Segment Open

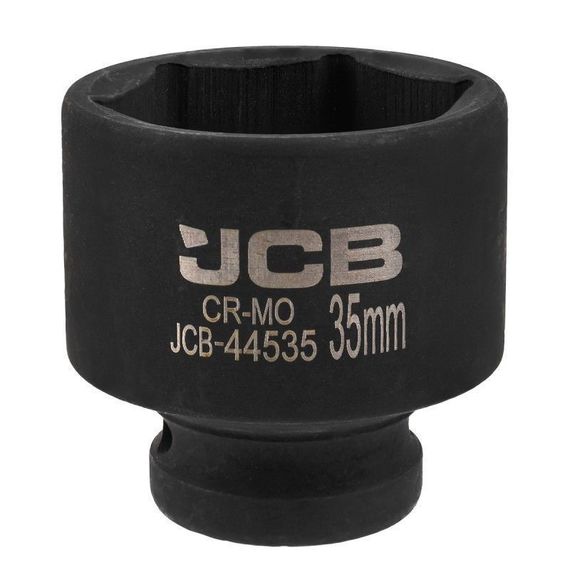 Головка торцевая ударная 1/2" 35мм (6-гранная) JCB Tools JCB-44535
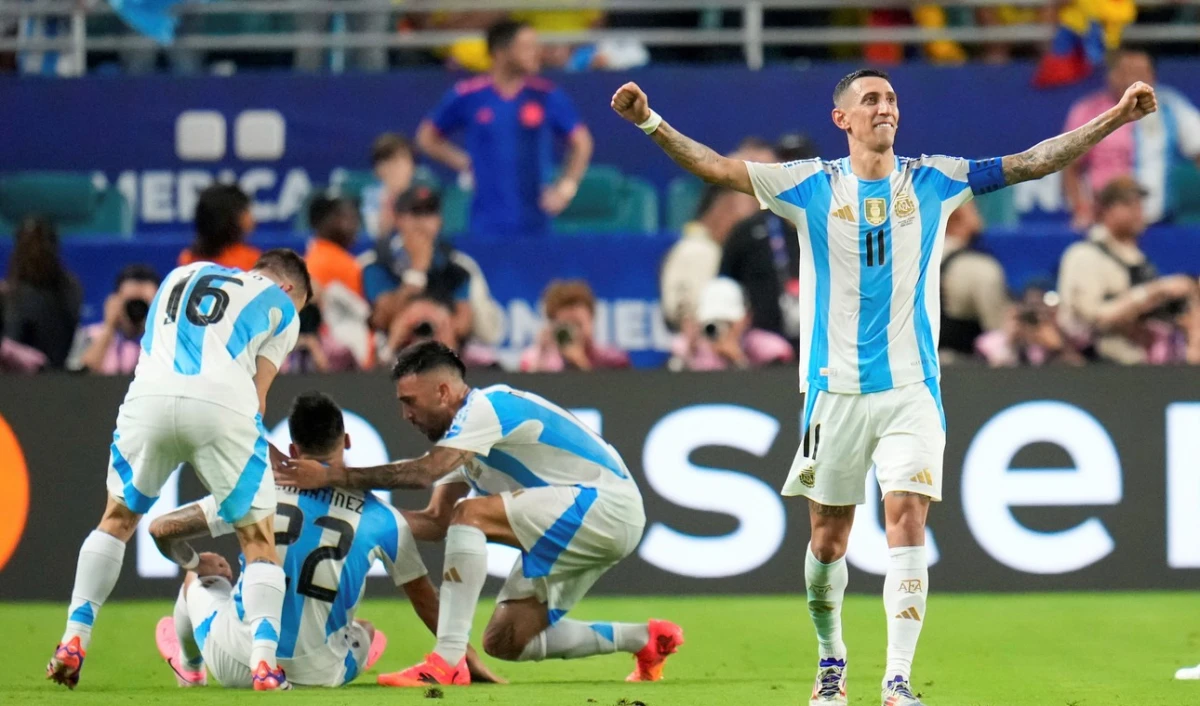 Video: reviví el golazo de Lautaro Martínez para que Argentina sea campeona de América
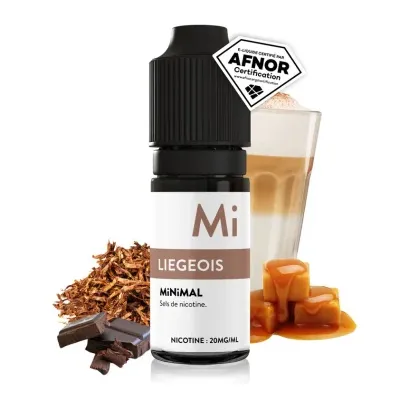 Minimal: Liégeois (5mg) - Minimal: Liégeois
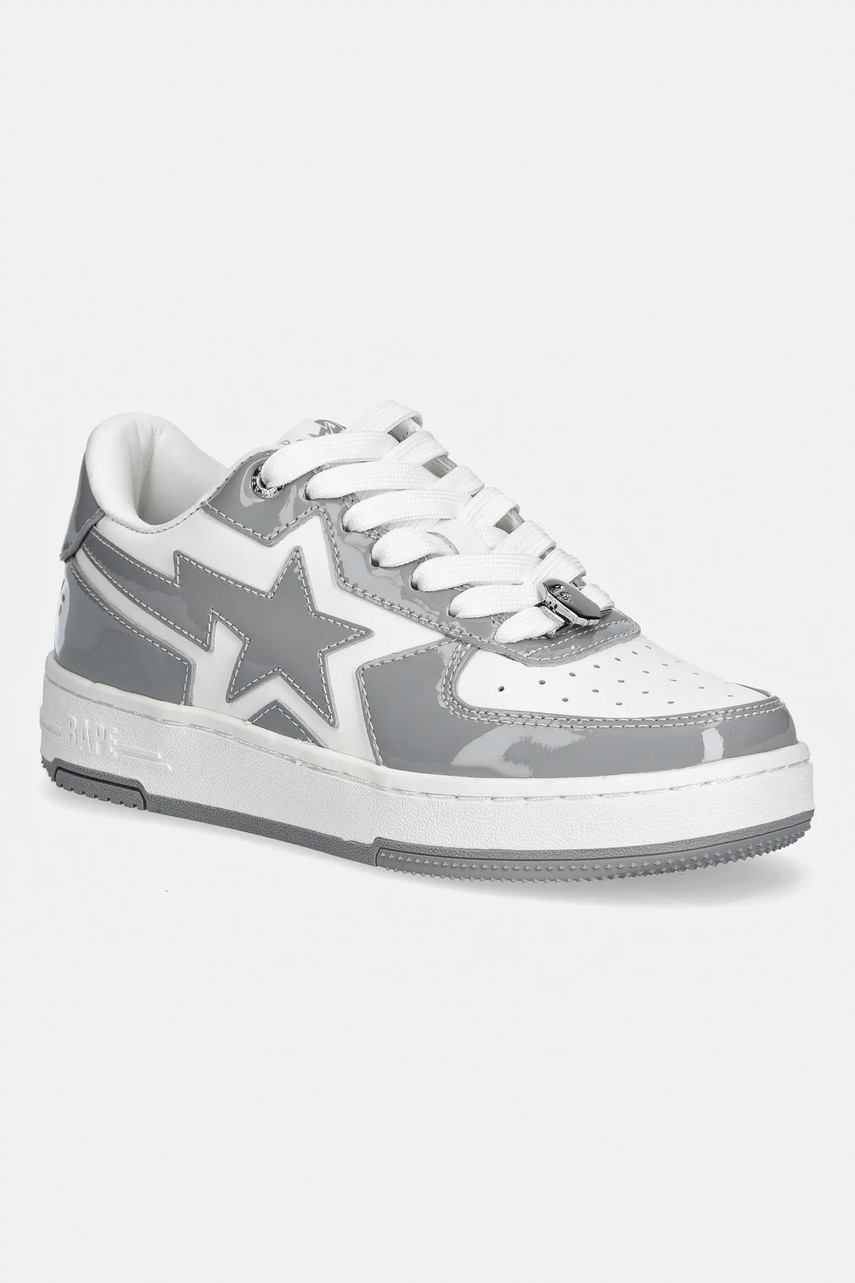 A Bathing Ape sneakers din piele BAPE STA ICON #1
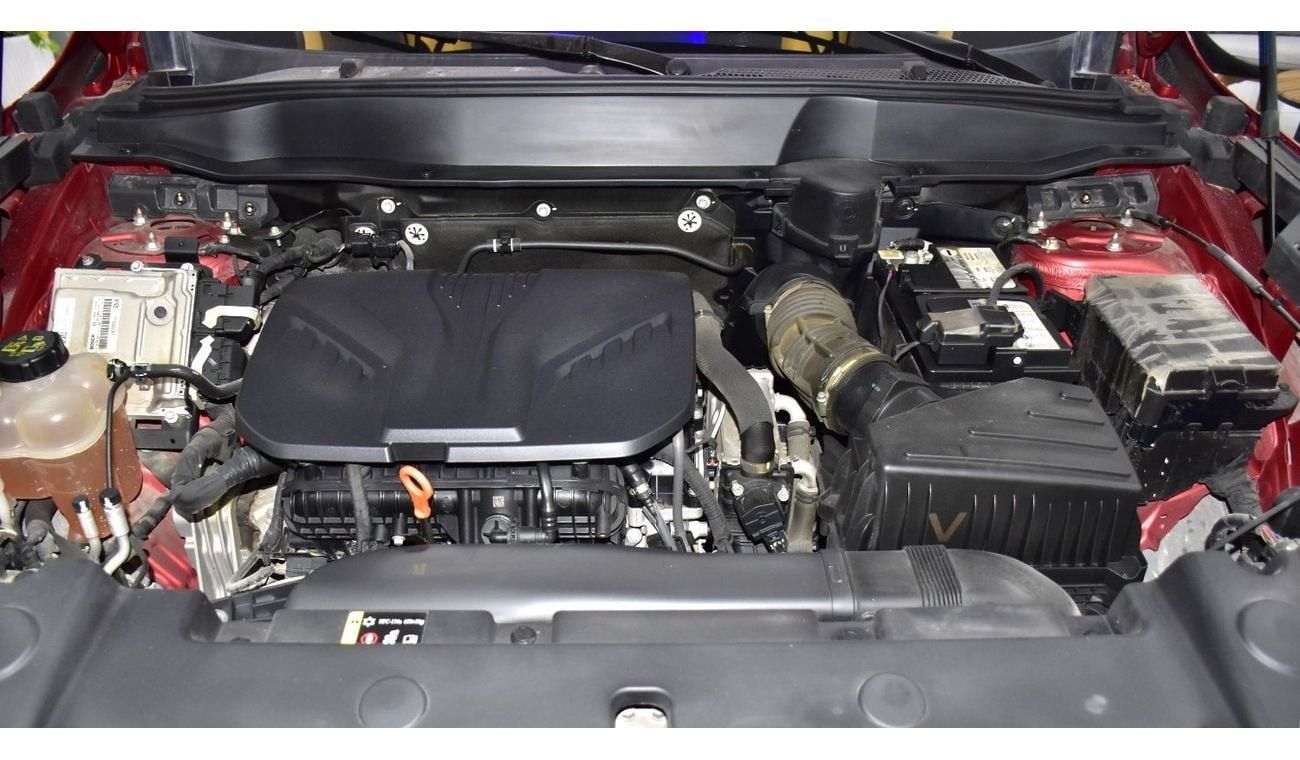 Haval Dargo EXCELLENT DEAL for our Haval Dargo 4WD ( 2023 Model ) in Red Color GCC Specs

Segment Closed

■ **Exercise requirements**
Please, leaving out all pictures, transcribe exactly the lines above from the one containing "A Bathing Ape" through the final line, both included.

■ **Solution below**
 A Bathing Ape sneakers din piele BAPE STA ICON #1
 Haval Dargo EXCELLENT DEAL for our Haval Dargo 4WD ( 2023 Model ) in Red Color GCC Specs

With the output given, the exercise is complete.